Source Information

Ancestry.com. Warwick County, Virginia [database on-line]. Provo, UT, USA: Ancestry.com Operations Inc, 2006.
Original data: Dunn, Richard. Warwick County, Virginia: Colocnial Court Records in Transcription. Baltimore, MD, USA: Genealogical Publishing Co., 2002.

About Warwick County, Virginia

Warwick County, which merged with the city of Warwick, Virginia, in 1952, was one of the Virginia Colony's original shires upon its creation in 1634. (The county's name changed from Warwick River County to simply Warwick County in 1642-43.)

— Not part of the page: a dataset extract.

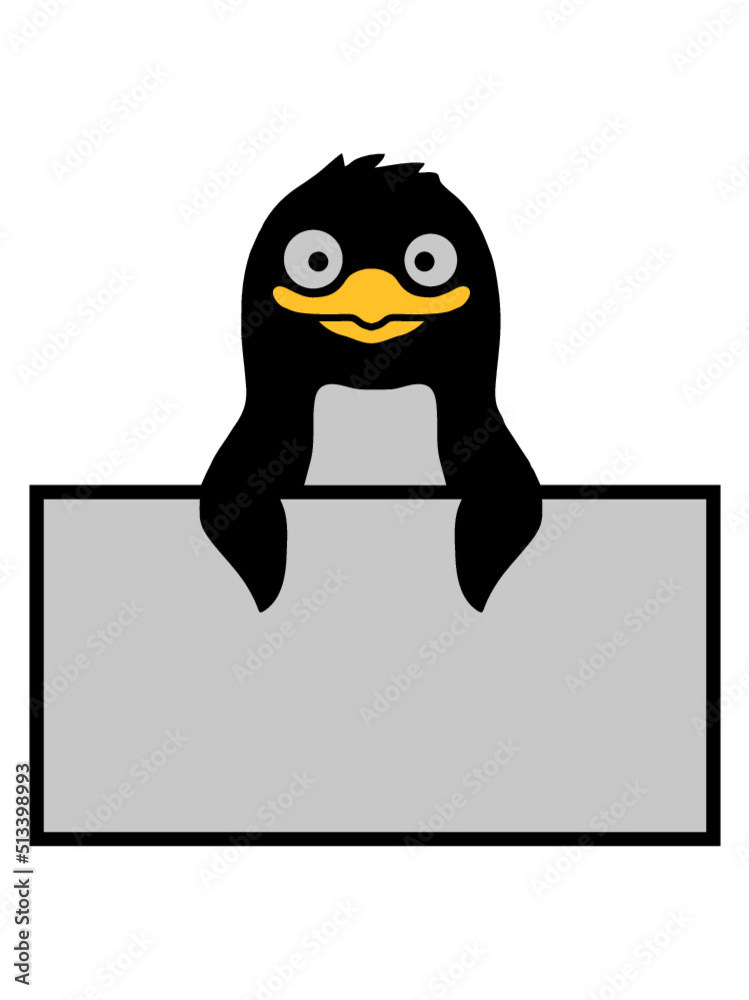 Naklejka premium Alberner Pinguin hinter Schild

The original records of Warwick County have never been transcribed--until now. Thanks to the prodigious efforts of Mr. Richard Dunn and The Jones House Association of Williamsburg, Virginia, however, we are now in possession of a meticulously transcribed volume which purports to gather up the crumbling documents of colonial Warwick--some of them from the 1640s--and make them accessible to researchers for the first time. In order to make their transcription as comprehensive as possible, Mr. Dunn and his colleagues examined original records not only from institutions like the Library of Virginia, the Virginia Historical Society, the New York Historical Society, and the College of William and Mary but also from the New York Public Library, the Rosenback Museum and Library, and county archives throughout Virginia. Arranged by repository and thereunder chronologically, the entries derive mostly from court order books, record books, minutes, cattle accounts, and a variety of miscellaneous material. As is characteristic of court records in general, Warwick County's records range over a multitude of contemporary affairs, such as estate settlements, petitions, appointments of local officials, orphan and bastardy cases, licenses, payments of debts, petty criminal matters, surveys and boundary disputes, the swearing in of justices of the peace, and so on. In the aggregate, the transcriptions do researchers the service of placing upwards of 10,000 Virginia ancestors in Warwick County at a particular moment during the colonial period. Thanks to the complete name index at the back of the volume, these heretofore inaccessible ancestors have not only been rescued from oblivion but are also available to us at the turn of a page.